Maggie Gyllenhaal’s film brings Frankenstein’s Monster (Christian Bale), alive and kicking, to the 1920s urban Chicago laboratory of famous Professor Euphronius (Annette Bening), with the demand to create for him a mate. They reluctantly dig up the corpse of party girl Ida (Jessie Buckley), reanimate her and try to persuade her to accept Frank (as the monster is known) as her soul mate. The would-be lovers escape, go on the town, become involved in some killings, get chased across the country and back again by a pair of detectives (Peter Sarsgaard, Penélope Cruz), cause feminist social change, see a bunch of movies, and return to Chicago when things go from bad to rotten.

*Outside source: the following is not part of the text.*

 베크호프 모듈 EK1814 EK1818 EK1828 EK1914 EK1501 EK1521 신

As far as I can tell this movie has no idea what it wants to be. Satire? Sure. But of everything. Horror? Not really. Gangster flick? Partly. Action movie? Some of the time. Romance? Oddly, yes, though never conventionally. Musical? Yes, but why? Feminist diatribe? Yes, absolutely, but with no real focus. Science fiction? Badly, with Annette Bening a wacky choice for mad scientist. Comedy? I guess, but what is funny here, apart from a few clever lines of dialogue? Blend in some vicious violence, a whole lot of blood and unnecessary profanity (it seems anachronistic as well as rude), the odd car chase or two, famous faces in cameo roles and what have we got? A movie with no real purpose. I have no idea why this was made, or why anyone would bother to make it.

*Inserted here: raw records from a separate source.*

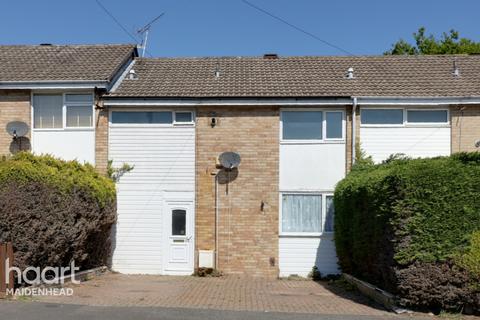 112 Brunel Road, Maidenhead, SL6 2RN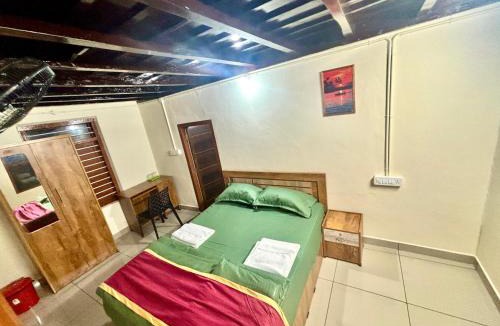 Meenangadi House | KODIYADANs INN A Homestay with heart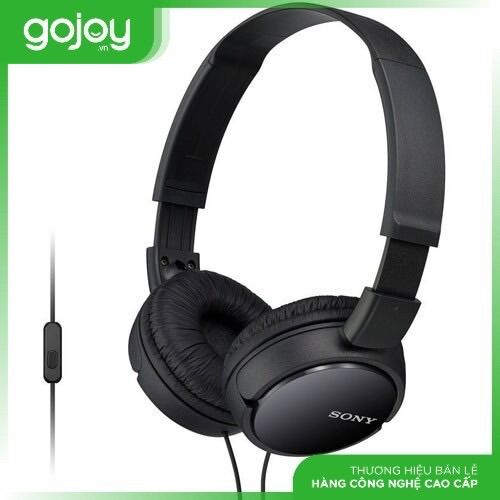 Tai nghe có dây mdr-zx110ap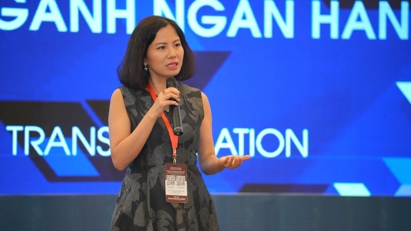 Conference looks at unlocking the power of data in banking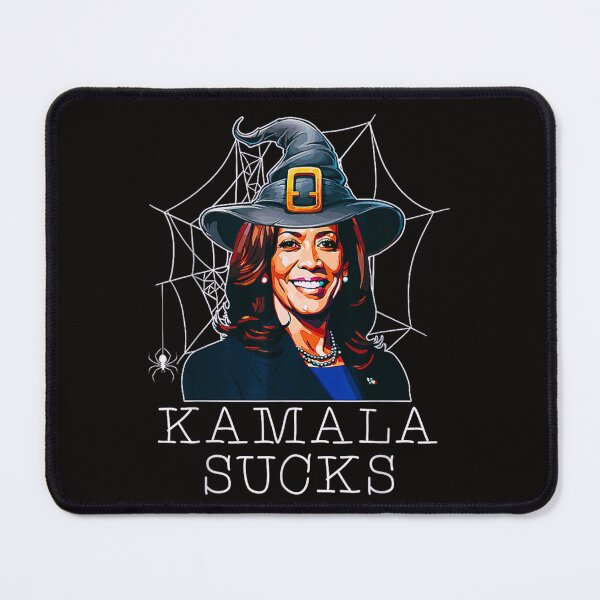 Item preview, Kamala sucks designed and sold by J-C-K-C.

I can’t give it zero stars because it is certainly watchable. It isn’t good in any sense of the word, though it is proficiently made. The stars are obviously trying to do something with their roles but my best guess is that they just decided to have fun making this weird monstrosity of a movie. I genuinely do not know what to think about it, which makes me feel old and useless. If this represents the advance of modern cinema, I want to go back. No rating available. 9 March 2026.